Yes, that’s right, everyone’s favourite pantomime returned with vengeance this week as we nearly saw the PM ousted over her handling of Brexit. As mentioned last week, Mrs May looked set to lose the vote on her Brexit deal scheduled for Tuesday by quite a hefty margin. After a weekend of everybody telling her this, on Monday she cancelled the vote, promising to reschedule it in the new year. The PM was now on very thin ice indeed, with Parliament breathing heavily down her neck either to let them vote (as parliaments do) or to renegotiate with the EU. By Tuesday evening it was becoming clear that some of the angriest were many of her own MPs, with many claiming to have submitted letters of no confidence in her leadership.
Illustration by Rhiannon Powell
You may remember a few weeks ago when P.G. Wodehouse villain, Jacob Rees-Mogg, tried to rally enough dissent to reach the 48 no-confidence letters required to trigger a vote on Mrs May’s party leadership.

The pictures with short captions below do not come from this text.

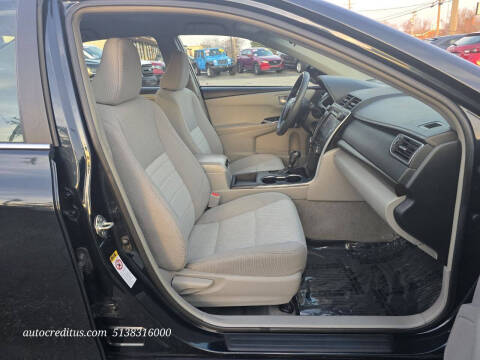 2017 Toyota Camry LE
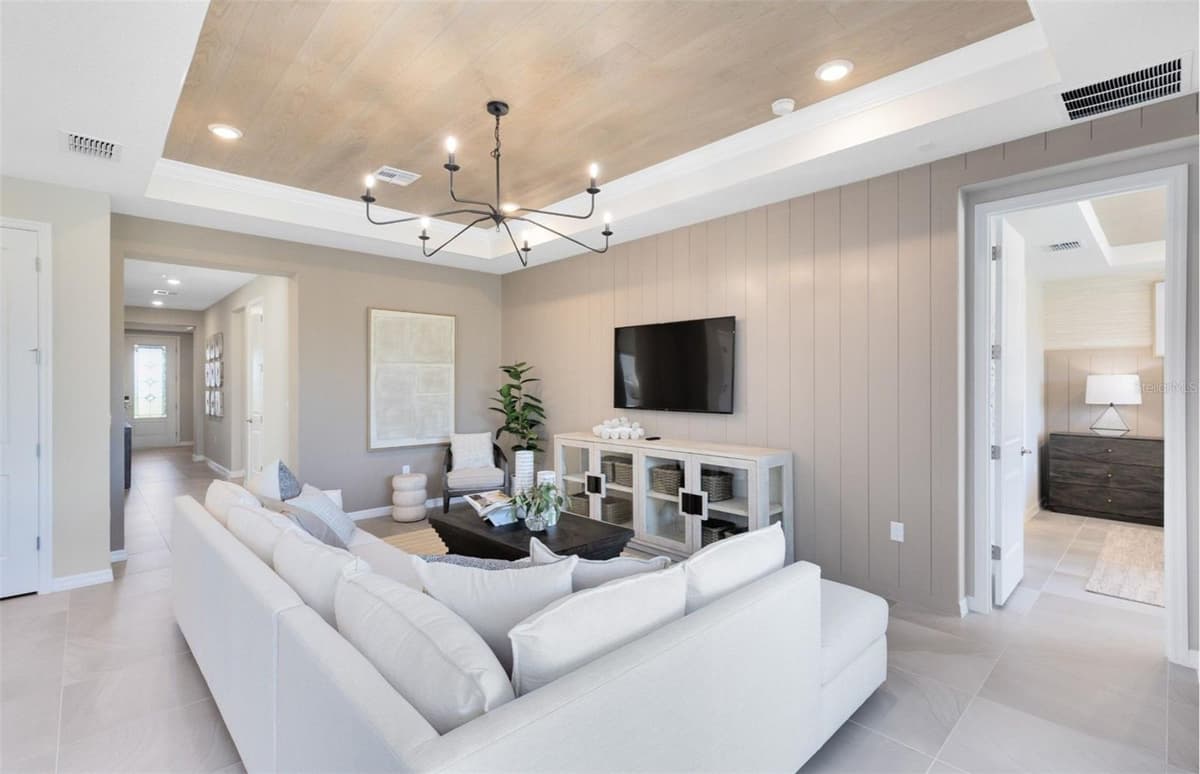 1430 RIDGE TREE DRIVE — photo 18 of 34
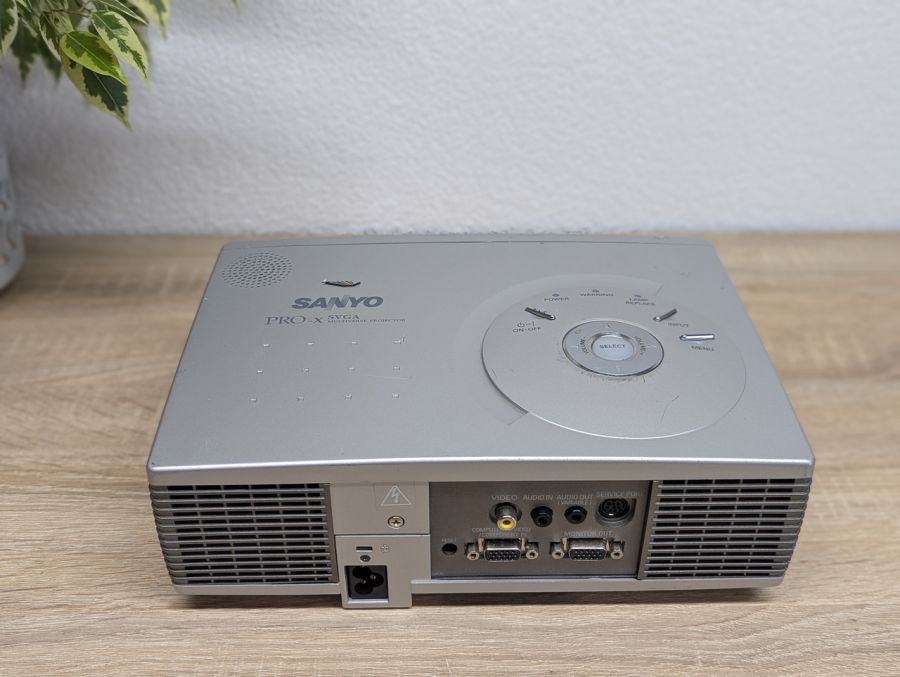 Б/В Проєктор SANYO PLC-SW36 [ProductHub SKU PLC-SW36]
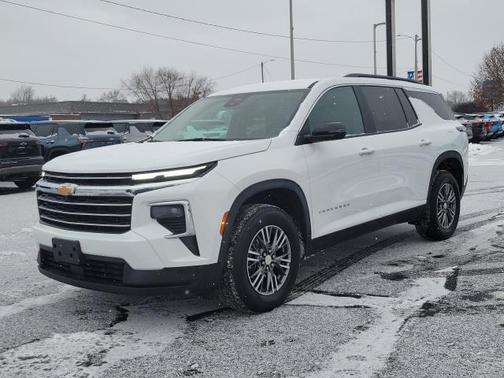 2025 Chevrolet Traverse LT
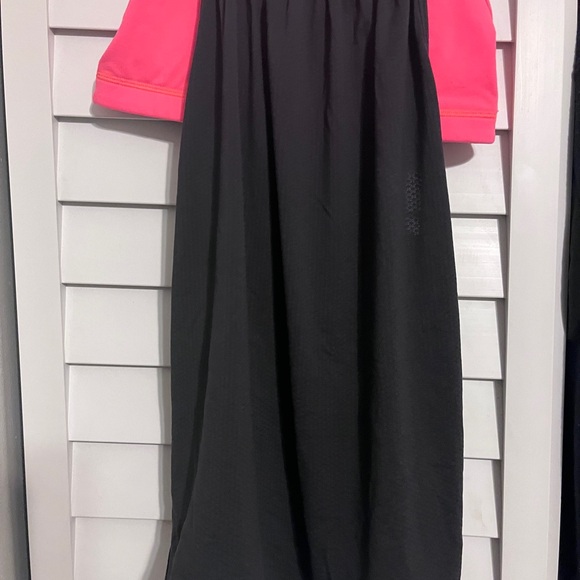 Lululemon bralette and workout top. Pink. Small - Picture 4 of 5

Back then he failed miserably, this week it was a different story. Early on Wednesday morning Sir Graham Brady, Chairman of the 1922 Committee, informed the PM that 48 letters had been received and that there would be a vote for all Conservative MPs that evening to decide whether she would be allowed to continue as leader of the party and, by extension, as Prime Minister.

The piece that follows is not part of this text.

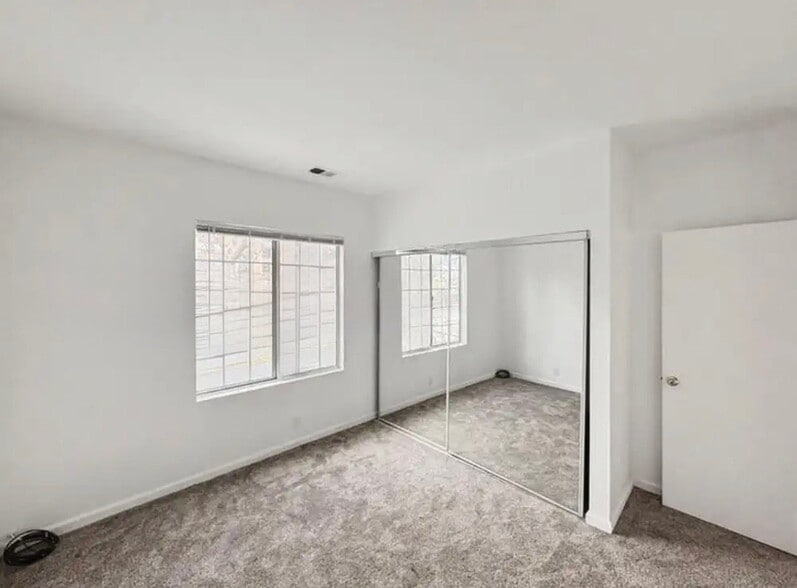 Building Photo - 1424 Market St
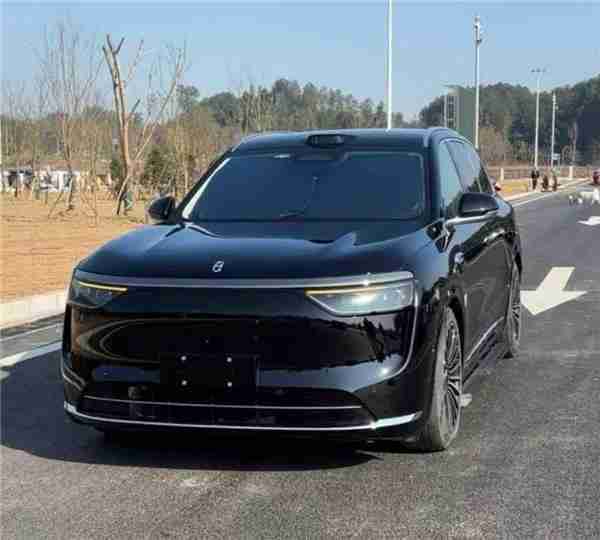 问界M8路跑视频曝光:造型大气优雅 尾灯可显示图案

Thus, for the duration of Wednesday, Westminster went mental. But fear not – I despairingly watched hours of footage of MPs trying to gather support for either side, ministers rushing to the media village on College Green to wax lyrical about how great the PM is and how terrible too, so you wouldn’t have to. The reason for this madness is that there was more at stake than the career of one Prime Minister. If she won, there would still be deadlock in Parliament over her deal and no guarantee that the EU would be open to alterations on the existing Brexit agreement. If she lost, the Conservatives would have to spend weeks conducting a leadership contest while the countdown to Brexit continued, leading many to believe that a loss for the PM would mean Brexit was either temporarily paused or put on more long-term stasis – possibly resulting in no Brexit at all. Ah now there’s a thought! The BBC even squeezed a special news program into their schedule to bring us the result of the vote – delaying this week’s Apprentice semi-final by a full five minutes! Oh, the horror!
At 9 pm Graham Brady accounted to the nation that we were still suck with the same Prime Minister. She needed the support of just 153 Conservative MPs to stay in power and, in the end, she managed 200 – quite a comfortable victory, but that still leaves 117 of her own MPs who voted to oust her. What swayed it? Possibly her promise that she would not lead the party into the next General Election, meaning that she will stand down at some time before then. She was likely to have scraped a win without making this declaration, but now she has she effectively becomes a lame-duck PM – there’s a sell-by date on her leadership, so to speak.
So, after all this fuss we’re back where we were at the start of the week: May has a deal that Parliament won’t accept, many in her own party despise her, and the EU is repeatedly telling her that they are not open to renegotiating the deal on offer – not many tidings of comfort and joy coming her way this Christmas.
After all that I think I need a mince pie and a large scotch… and I recommend you do the same.